カレンブラックヒルの最終追いはCWコース。サンライズマハティ(3歳未勝利)、メトロファルコン(同)を8馬身も追走。4コーナー手前でもまだ4馬身の開きがあったが、外へ持ち出すと瞬時に加速。秋山のゴーサインに応え、俺が先頭でゴールするんだという本性をむき出しにして、力強く1馬身先着した。6F81秒0、ラスト12秒5。水を含んだこの馬場では間違いなく速い。「これでスイッチが競馬モードに入った」。秋山は好感触に頬を緩ませた。
デビューから無傷の3連勝。期待馬の陣営について回るのは「悲願」の2文字だ。秋山はこれがG155回目の騎乗、平田師は11回目の出走。このコンビで、どうしても触れなくてはいけないのが07年オークス。ベッラレイアは直線で先頭に立ったが、ローブデコルテの強襲を食らって鼻差負け。2人の手からタイトルがするりと逃げていった。

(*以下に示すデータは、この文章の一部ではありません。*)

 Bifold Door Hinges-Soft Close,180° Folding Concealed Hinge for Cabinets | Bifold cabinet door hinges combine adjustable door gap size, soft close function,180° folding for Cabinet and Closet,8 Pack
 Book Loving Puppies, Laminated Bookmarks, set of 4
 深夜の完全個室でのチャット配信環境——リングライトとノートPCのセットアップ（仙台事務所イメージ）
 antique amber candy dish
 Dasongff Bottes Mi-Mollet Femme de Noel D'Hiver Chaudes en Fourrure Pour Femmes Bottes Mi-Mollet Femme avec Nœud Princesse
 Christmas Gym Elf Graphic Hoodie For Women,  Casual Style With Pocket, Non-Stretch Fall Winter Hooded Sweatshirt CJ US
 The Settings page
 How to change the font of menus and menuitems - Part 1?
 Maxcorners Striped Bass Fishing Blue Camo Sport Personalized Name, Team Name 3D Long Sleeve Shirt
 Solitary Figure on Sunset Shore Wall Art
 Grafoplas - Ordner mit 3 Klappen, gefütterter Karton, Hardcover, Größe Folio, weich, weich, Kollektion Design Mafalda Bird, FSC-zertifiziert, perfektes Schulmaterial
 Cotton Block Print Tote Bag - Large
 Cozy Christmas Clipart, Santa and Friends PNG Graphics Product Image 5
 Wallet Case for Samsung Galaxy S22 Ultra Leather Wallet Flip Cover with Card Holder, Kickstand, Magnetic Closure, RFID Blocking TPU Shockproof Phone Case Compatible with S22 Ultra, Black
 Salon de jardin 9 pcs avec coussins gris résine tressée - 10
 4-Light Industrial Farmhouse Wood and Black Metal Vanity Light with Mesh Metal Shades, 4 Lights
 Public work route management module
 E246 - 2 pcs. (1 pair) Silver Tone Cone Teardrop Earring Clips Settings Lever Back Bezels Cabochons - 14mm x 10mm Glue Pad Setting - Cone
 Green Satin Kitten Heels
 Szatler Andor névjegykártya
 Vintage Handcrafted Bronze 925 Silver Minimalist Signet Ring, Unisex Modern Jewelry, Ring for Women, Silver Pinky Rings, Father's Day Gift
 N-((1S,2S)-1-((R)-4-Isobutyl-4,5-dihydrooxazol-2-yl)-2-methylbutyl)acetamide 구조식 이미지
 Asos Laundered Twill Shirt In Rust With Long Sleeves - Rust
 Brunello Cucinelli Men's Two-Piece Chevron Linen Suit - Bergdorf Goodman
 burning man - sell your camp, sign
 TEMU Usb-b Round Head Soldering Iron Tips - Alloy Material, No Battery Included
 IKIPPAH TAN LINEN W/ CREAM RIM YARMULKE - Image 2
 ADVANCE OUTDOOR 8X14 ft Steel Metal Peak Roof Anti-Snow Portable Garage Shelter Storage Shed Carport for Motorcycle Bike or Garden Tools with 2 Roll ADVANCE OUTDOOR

当然、思いは強い。「僕も秋山もまだG1を勝っていない。ぜひこの馬でと思っている」。平田師は言葉に魂を込めた。同厩舎には皐月賞で1番人気(5着)となったグランデッツァもいる。「どこかで対戦するはず」と指揮官。それがNHKマイルCを制した上で、ダービーでぶつかるのであれば最高だ。
逃げ、好位差しと脚質は自在。道悪も苦にしない重厚さも併せ持っている。「それが能力の違い」と秋山はシンプルに説明した。初の左回りも問題ないと語る。そして、こう続けた。「こういう競馬をしなくては駄目というのがない。どんな競馬をしてもパフォーマンスが落ちない」。揺るぎない自信と信頼。あとは女神がほほ笑むかどうかだ。